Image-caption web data
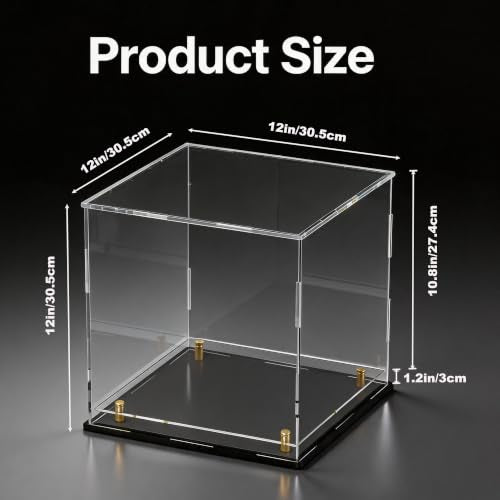 Acrylic Display Case for Collectibles, Dustproof Acrylic Box with Clear Display Elevation & Gold Risers, Large Display Case for Figures Toys Memorabilia, 12" L x 12" W x 12" H - size: 12"L x 12"W x 12"H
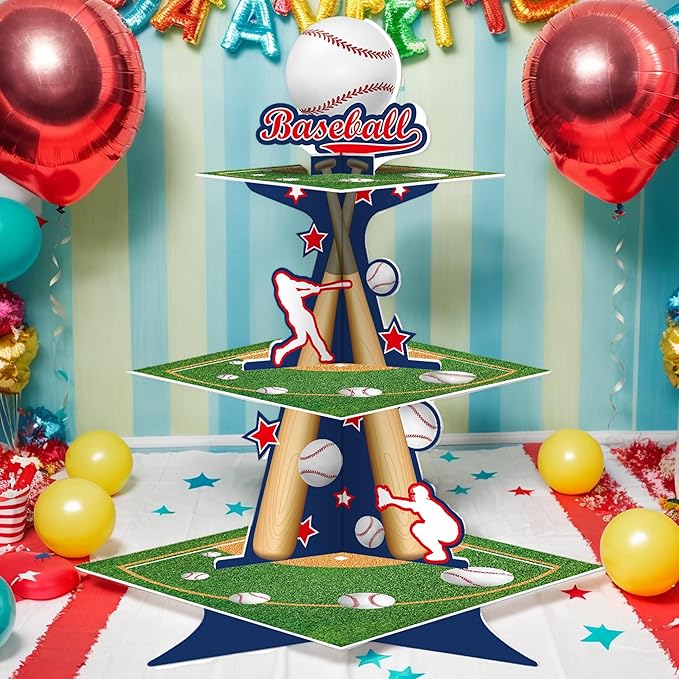 KALEFO 3 Tier Baseball Cupcake Stand Grand Slam Dessert Tower Sports Party Centerpiece for Baseball Birthday Team Celebration Cake Display Decorations Supplies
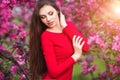 Spring touch. Happy beautiful young woman in red dress enjoy fresh pink flowers and sun light in blossom park at sunset. Royalty Free Stock Photo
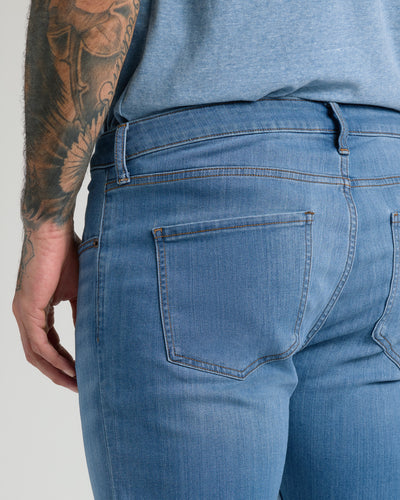 Straight High-Stretch Jeans - Medium Indigo Wash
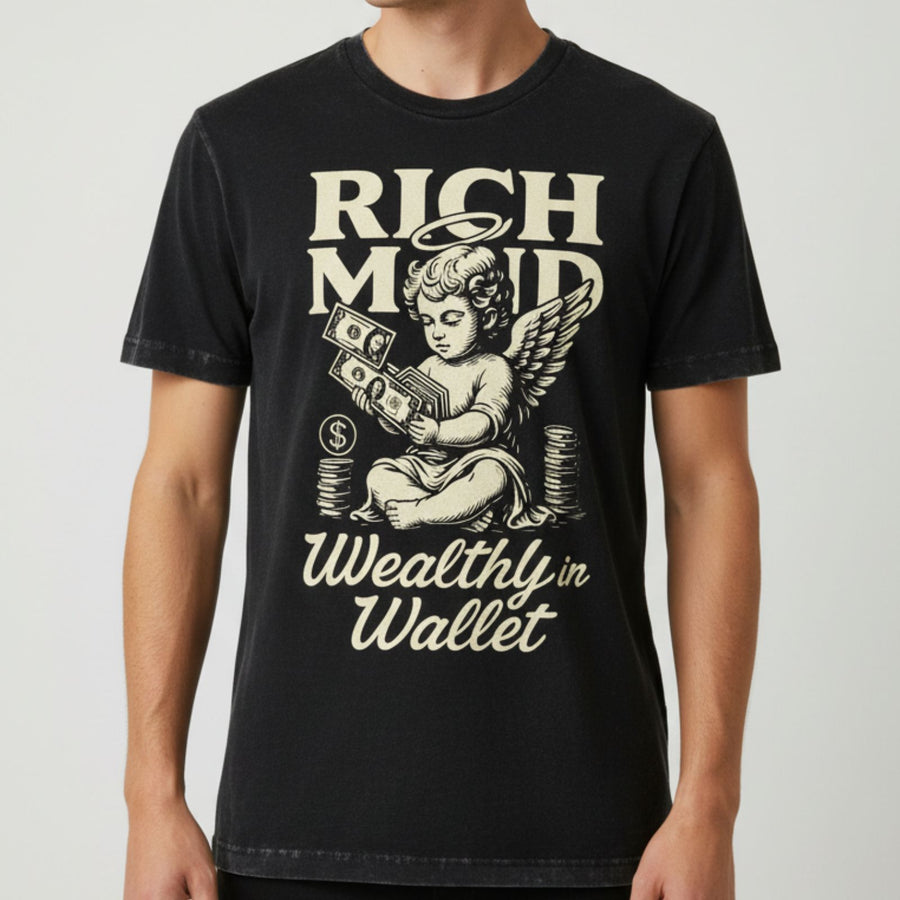 Three Rivers Vintage - Rich Mind Wealthy Wallet T-Shirt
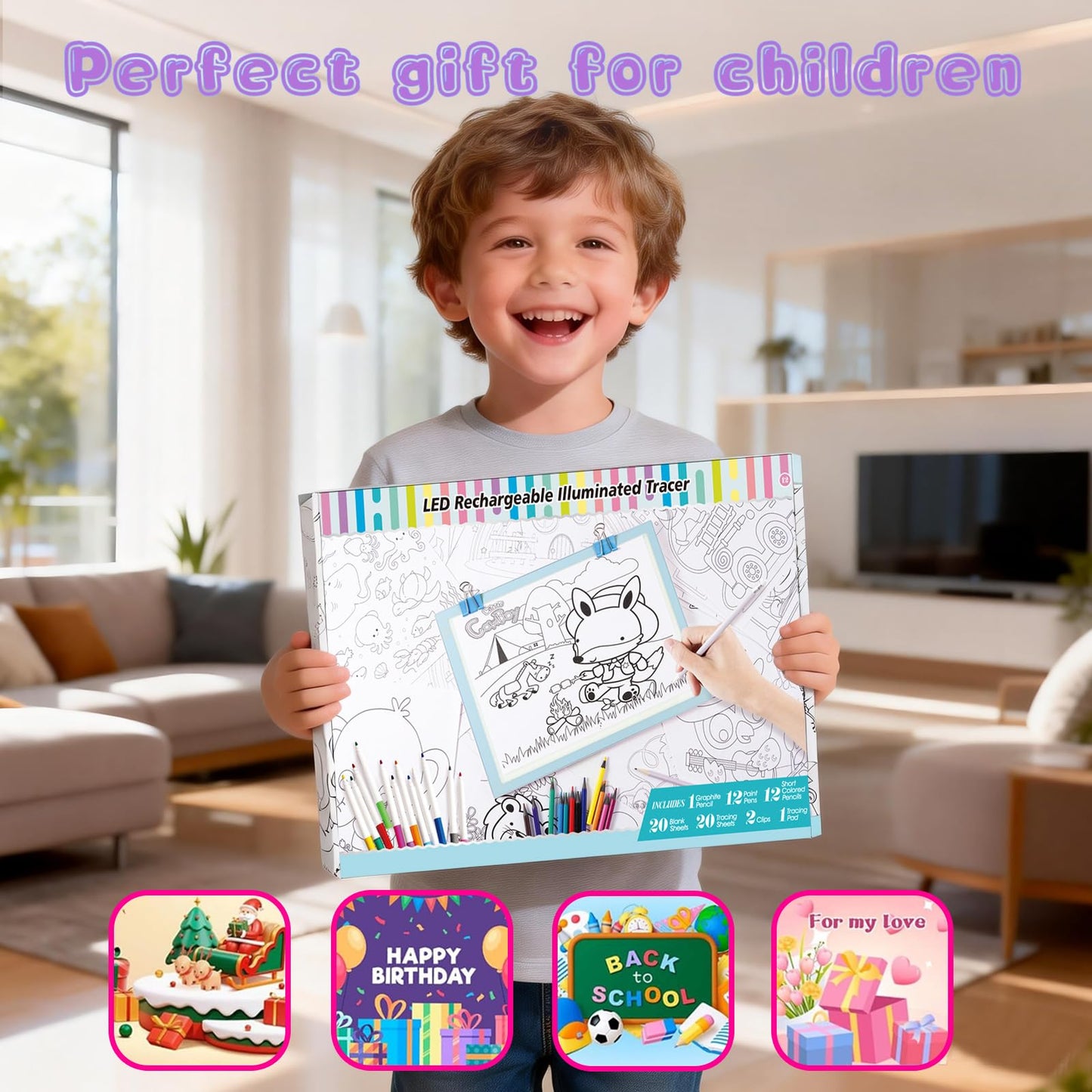 Light Up Tracing Board Kits Blue, 15" Writing Tracer Pad for Kids Ages 3-12, Drawing Tablet Supplies for Diamond Art Painting Accessories, Sketching Light Box Table for Boys Adults Holiday Gift Toys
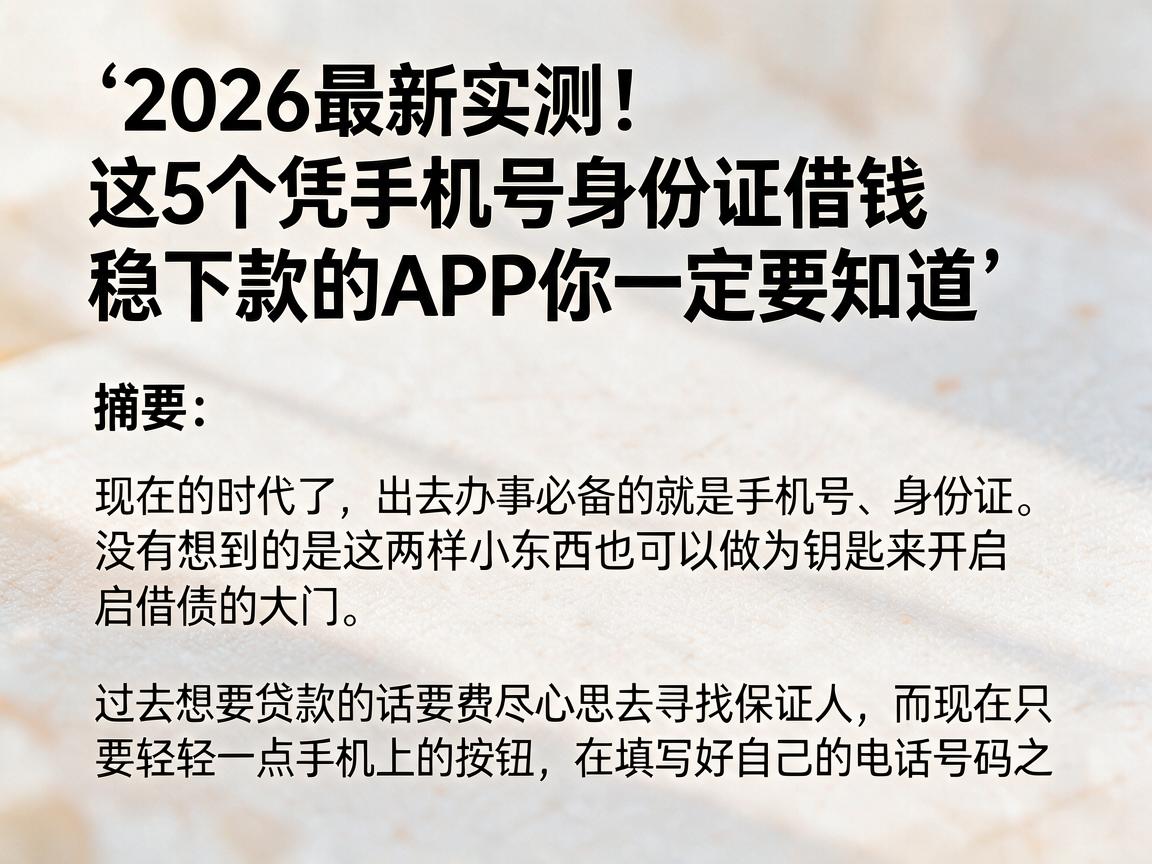 2026最新实测！这5个凭手机号身份证借钱稳下款的APP你一定要知道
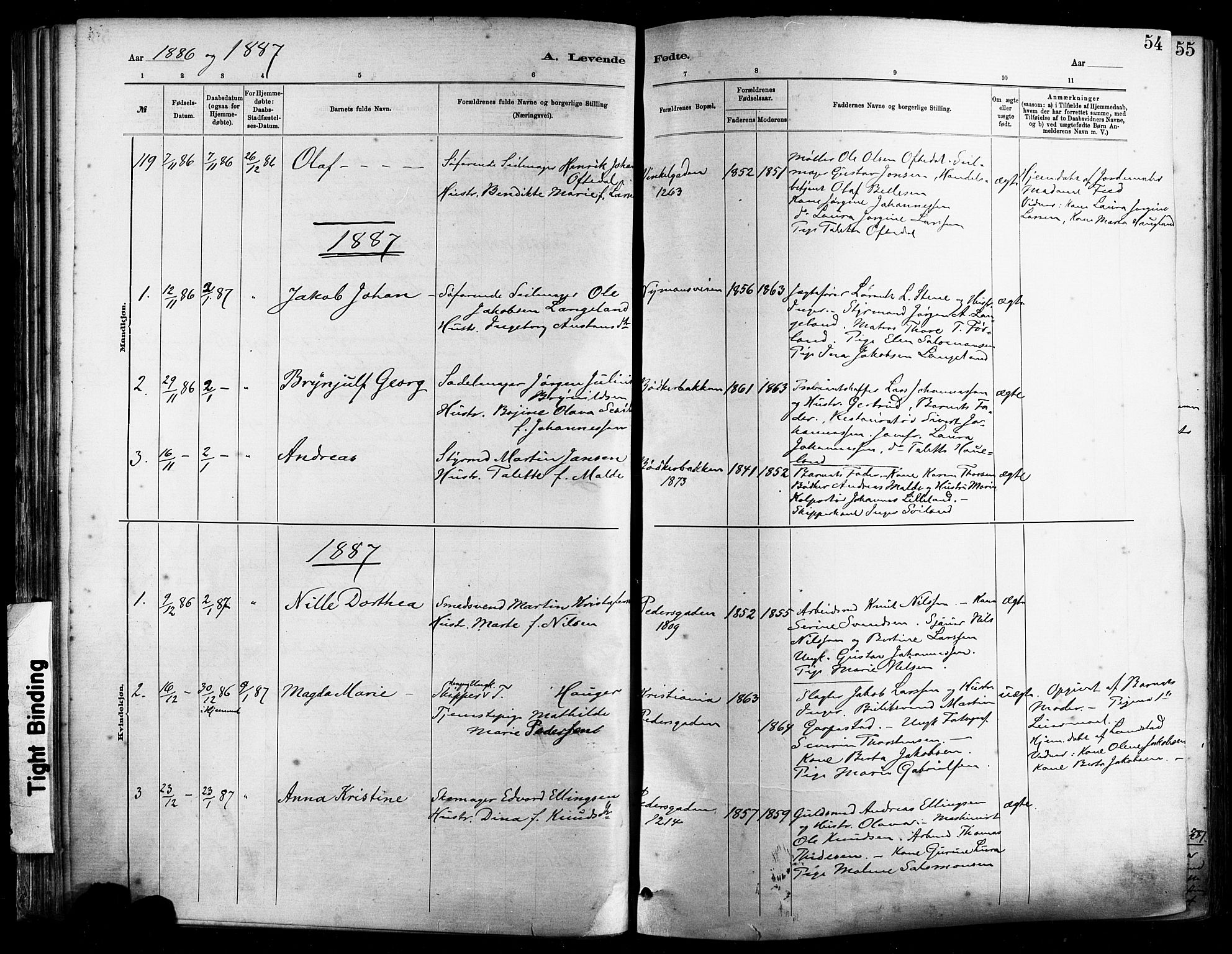 St. Johannes sokneprestkontor, SAST/A-101814/001/30/30BA/L0001: Parish register (official) no. A 1, 1885-1891, p. 54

- _TO DO_:
Only the pictures are to be left out; write out all the other data exactly.

- _EXERCISE SOLUTION_:
 Acrylic Display Case for Collectibles, Dustproof Acrylic Box with Clear Display Elevation & Gold Risers, Large Display Case for Figures Toys Memorabilia, 12" L x 12" W x 12" H - size: 12"L x 12"W x 12"H
 KALEFO 3 Tier Baseball Cupcake Stand Grand Slam Dessert Tower Sports Party Centerpiece for Baseball Birthday Team Celebration Cake Display Decorations Supplies
 Spring touch. Happy beautiful young woman in red dress enjoy fresh pink flowers and sun light in blossom park at sunset. Royalty Free Stock Photo
 Straight High-Stretch Jeans - Medium Indigo Wash
 Three Rivers Vintage - Rich Mind Wealthy Wallet T-Shirt
 Light Up Tracing Board Kits Blue, 15" Writing Tracer Pad for Kids Ages 3-12, Drawing Tablet Supplies for Diamond Art Painting Accessories, Sketching Light Box Table for Boys Adults Holiday Gift Toys
 2026最新实测！这5个凭手机号身份证借钱稳下款的APP你一定要知道
 St. Johannes sokneprestkontor, SAST/A-101814/001/30/30BA/L0001: Parish register (official) no. A 1, 1885-1891, p. 54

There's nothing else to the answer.